Absence of eigenvalues in the continuous spectrum for Klein-Gordon operators

TL;DR

This paper constructs a one-dimensional von-Neumann Wigner potential for Klein-Gordon operators, providing explicit examples of embedded eigenvalues and proving their absence in broad potential classes, including Coulomb potential.

Contribution

It introduces a novel potential construction for Klein-Gordon operators and establishes conditions for the absence of eigenvalues in the continuous spectrum.

Findings

Explicit example of Klein-Gordon operator with embedded positive eigenvalues.

Proof of absence of eigenvalues in the continuous spectrum for broad potential classes.
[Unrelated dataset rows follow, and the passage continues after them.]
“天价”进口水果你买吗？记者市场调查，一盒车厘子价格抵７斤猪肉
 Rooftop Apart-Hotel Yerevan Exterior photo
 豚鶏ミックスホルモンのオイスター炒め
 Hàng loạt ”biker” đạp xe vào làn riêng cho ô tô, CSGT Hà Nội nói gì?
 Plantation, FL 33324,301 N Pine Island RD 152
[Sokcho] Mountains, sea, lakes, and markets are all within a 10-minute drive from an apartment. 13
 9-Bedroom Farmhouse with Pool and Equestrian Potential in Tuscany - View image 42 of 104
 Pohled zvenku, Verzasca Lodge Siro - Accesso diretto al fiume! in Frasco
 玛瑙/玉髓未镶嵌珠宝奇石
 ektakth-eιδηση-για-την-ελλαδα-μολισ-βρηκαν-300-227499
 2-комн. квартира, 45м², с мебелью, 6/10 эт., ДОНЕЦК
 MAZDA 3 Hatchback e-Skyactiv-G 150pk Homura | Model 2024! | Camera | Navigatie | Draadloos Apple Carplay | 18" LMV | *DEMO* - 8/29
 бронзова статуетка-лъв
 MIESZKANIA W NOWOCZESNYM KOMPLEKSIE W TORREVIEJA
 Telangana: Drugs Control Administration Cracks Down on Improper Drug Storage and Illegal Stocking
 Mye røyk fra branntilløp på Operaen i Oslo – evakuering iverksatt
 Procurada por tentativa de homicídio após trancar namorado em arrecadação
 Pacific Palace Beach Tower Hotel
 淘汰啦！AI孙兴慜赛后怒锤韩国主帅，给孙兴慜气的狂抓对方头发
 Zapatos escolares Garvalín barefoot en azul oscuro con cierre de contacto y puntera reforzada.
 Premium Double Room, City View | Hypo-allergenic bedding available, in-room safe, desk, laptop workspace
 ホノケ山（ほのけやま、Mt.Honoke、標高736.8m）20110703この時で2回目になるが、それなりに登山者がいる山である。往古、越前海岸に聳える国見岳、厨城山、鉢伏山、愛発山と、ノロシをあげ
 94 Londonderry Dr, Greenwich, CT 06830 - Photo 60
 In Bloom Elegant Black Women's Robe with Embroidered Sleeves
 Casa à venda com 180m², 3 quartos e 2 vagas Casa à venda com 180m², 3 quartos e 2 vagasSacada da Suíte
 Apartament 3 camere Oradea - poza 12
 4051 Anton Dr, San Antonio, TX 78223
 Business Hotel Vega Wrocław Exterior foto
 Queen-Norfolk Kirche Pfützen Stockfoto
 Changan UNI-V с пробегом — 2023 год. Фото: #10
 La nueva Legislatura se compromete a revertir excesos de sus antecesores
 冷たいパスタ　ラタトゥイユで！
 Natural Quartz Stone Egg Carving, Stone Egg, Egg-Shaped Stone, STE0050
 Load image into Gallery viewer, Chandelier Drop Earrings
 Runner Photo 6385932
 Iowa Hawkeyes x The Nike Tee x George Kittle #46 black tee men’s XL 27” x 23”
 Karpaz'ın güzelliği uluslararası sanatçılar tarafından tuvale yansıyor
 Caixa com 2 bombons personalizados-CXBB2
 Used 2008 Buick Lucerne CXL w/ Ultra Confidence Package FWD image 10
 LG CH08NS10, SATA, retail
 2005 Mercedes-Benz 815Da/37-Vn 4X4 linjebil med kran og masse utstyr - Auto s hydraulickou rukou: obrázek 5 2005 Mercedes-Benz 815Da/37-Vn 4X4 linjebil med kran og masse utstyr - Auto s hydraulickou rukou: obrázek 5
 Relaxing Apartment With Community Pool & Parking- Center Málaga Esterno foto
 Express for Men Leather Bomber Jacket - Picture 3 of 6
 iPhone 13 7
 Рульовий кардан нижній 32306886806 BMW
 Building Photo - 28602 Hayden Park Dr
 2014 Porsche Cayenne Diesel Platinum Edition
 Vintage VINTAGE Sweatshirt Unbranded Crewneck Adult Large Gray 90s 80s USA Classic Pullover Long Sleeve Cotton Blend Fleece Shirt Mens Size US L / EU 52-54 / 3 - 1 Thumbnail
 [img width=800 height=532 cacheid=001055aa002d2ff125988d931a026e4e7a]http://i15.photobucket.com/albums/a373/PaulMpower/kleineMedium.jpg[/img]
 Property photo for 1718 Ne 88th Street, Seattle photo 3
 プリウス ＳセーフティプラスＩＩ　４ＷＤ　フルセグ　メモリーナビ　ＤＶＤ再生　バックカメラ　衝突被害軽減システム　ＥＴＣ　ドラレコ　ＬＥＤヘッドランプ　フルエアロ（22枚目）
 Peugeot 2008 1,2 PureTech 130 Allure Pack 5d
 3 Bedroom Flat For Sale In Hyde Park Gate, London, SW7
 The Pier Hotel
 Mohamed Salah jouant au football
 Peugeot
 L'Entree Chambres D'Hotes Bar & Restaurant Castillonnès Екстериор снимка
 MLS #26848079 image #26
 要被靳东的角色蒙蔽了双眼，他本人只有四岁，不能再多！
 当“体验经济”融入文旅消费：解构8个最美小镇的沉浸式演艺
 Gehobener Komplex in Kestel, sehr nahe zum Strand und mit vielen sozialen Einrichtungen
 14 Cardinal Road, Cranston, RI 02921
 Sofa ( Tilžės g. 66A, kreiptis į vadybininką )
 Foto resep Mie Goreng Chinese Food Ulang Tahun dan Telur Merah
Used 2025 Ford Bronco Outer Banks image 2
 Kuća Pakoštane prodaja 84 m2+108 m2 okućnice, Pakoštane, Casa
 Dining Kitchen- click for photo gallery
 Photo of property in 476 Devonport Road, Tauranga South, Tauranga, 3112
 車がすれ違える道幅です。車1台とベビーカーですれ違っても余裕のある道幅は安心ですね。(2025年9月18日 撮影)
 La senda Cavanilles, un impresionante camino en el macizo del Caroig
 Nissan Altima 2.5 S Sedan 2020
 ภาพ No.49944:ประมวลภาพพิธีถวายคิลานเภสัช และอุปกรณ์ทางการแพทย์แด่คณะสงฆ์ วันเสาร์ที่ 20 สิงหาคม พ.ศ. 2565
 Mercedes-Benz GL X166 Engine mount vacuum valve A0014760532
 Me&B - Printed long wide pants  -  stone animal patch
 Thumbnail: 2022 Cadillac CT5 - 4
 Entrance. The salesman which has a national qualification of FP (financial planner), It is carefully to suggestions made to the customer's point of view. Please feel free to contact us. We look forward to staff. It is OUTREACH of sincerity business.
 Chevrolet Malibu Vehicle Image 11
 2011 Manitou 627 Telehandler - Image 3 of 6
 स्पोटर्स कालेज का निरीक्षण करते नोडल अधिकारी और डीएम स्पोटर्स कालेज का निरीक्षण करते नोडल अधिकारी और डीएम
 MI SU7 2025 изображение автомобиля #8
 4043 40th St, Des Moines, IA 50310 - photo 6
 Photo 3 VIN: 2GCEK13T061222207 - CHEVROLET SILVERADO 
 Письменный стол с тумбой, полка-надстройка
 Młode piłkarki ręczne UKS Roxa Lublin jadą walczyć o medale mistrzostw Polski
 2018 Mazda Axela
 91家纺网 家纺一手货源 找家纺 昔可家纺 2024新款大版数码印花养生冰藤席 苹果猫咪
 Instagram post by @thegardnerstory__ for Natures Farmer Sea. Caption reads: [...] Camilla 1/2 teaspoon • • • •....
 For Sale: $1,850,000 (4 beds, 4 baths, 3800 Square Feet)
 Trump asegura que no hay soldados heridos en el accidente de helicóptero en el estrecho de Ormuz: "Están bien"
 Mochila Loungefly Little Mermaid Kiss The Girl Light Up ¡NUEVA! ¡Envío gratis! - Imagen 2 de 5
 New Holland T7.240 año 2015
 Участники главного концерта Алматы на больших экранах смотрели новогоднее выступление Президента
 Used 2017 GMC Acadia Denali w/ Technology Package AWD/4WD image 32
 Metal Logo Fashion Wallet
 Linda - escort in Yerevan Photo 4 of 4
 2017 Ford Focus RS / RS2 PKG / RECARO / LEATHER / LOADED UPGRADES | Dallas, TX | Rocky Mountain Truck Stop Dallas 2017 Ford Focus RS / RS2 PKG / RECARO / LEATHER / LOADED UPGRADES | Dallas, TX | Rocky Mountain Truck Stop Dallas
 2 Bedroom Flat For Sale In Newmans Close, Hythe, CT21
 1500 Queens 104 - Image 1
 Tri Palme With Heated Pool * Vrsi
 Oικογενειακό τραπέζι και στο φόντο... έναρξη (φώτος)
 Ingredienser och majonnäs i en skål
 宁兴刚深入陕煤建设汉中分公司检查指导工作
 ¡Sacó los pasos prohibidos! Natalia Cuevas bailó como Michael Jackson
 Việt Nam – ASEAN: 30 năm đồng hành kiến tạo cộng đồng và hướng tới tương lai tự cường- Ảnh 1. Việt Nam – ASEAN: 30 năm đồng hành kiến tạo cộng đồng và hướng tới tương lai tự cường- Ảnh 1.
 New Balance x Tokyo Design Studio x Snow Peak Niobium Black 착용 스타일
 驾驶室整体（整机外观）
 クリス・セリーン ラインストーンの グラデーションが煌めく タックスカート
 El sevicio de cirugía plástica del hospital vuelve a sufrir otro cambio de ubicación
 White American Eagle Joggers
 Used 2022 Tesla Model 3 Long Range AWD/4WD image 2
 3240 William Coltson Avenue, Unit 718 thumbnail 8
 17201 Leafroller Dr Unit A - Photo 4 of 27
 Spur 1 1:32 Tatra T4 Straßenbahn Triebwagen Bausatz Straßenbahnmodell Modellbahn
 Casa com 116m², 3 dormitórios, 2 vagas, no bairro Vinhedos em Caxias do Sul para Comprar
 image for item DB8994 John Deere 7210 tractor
Expression of Klein-Gordon operator in Schrödinger form to analyze spectral regions.

Abstract

We construct the one-dimensional analogous of von-Neumann Wigner potential to the relativistic Klein-Gordon operator, in which is defined taking asymptotic mathematical rules in order to obtain existence conditions of eigenvalues embedded in the continuous spectrum. Using our constructed potential, we provide an explicit and analytical example of the Klein-Gordon operator with positive eigenvalues embedded in the so called relativistic "continuum region". Even so in this not standard example, we present the region of the "continuum" where those eigenvalues cannot occur. Besides, the absence of eigenvalues in the continuous spectrum for Klein-Gordon operators is proven to a broad general potential classes, including the minimally coupled electric Coulomb potential. Considering known techniques available in literature for Schrodinger operators, we demonstrate an expression for Klein-Gordon operator written in Schrodinger's form, whereby is determined the mathematical spectrum region of absence of eigenvalues.